The SRE engagement model may evolve over time as SREs can be involved earlier in the development lifecycle.
The process of initiating SRE support for a system is called onboarding. Systems might be:
- Greenfield developments, with no deployments.
- Already in production:
- with no monitoring and an unspoken 100% availability goal; or
- with an SLO without teeth: a < 100% availability goal but no understanding of importance or how to leverage it for continuous improvement; an SLO without teeth.
There are three high-level approaches to onboarding new services:
- Engage from the design stage, ensuring readiness out of the gate.
- Provide an pre-approved platform for building new services as a base.

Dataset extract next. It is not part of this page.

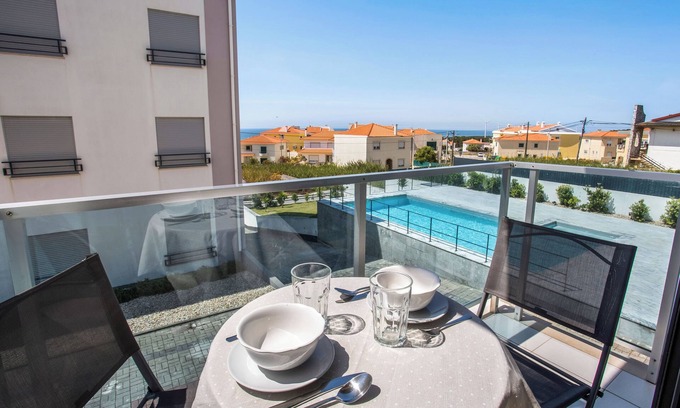Nazare Apartamento | Apartamento Beach Waves Home con vistas al mar, piscina y Wi-Fi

- Onboard existing services.
Axes of concerns
These axes represent the areas of a service an SRE team will seek to improve:
- Architecture and inter-service dependencies
- Instrumentation, metrics and monitoring
- Emergency response
- Capacity planning
- Change management
- Performance: availability, latency and efficiency
SRE engagement can be seen as a progression as the process becomes embedded and reaches maturity.
SRE resources are constrained and not all services require SRE engagement due to lower availability/reliability constraints. It's possible to provide support for other means:
- Documentation for internal systems and best practices, maybe including worked examples or a production guide.
- Consultation on specific services or problem domains.